DATA FOR REVIEW:
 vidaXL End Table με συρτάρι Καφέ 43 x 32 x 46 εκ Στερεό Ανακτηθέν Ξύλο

...

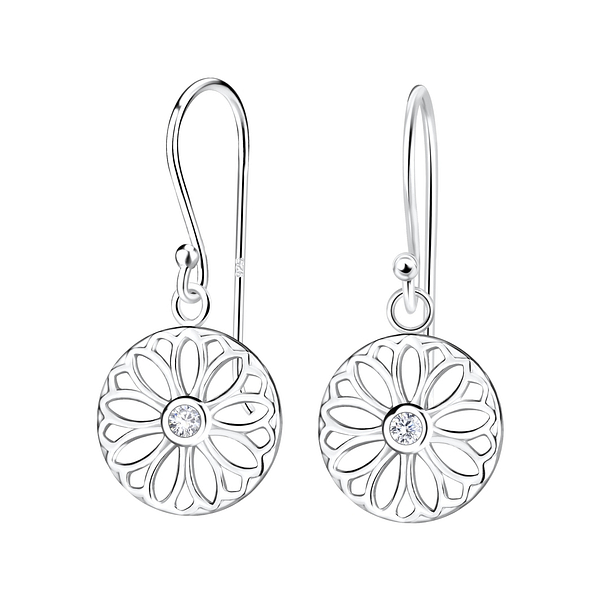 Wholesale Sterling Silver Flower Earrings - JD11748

==

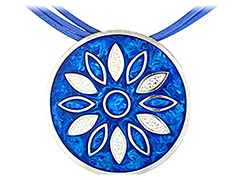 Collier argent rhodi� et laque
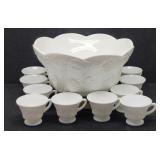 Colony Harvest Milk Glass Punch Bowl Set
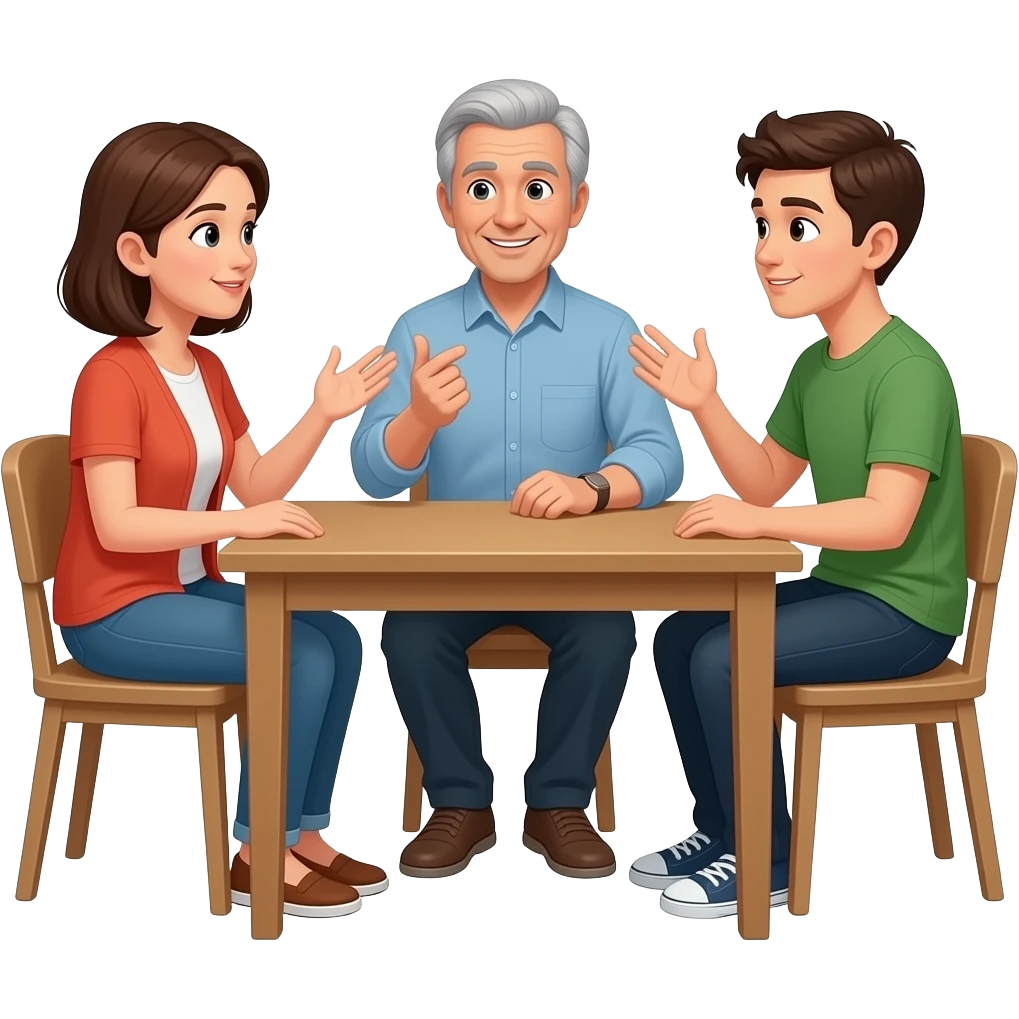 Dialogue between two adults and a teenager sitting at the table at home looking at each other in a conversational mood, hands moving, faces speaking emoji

EXERCISE DETAILS:
Once the line with "Collier argent rhodi� et laque" has been found above, output that line and every later line exactly, stopping after the line with "Dialogue between two", and omit the pictures.

THE COMPLETED TASK:
 Collier argent rhodi� et laque
 Colony Harvest Milk Glass Punch Bowl Set
 Dialogue between two adults and a teenager sitting at the table at home looking at each other in a conversational mood, hands moving, faces speaking emoji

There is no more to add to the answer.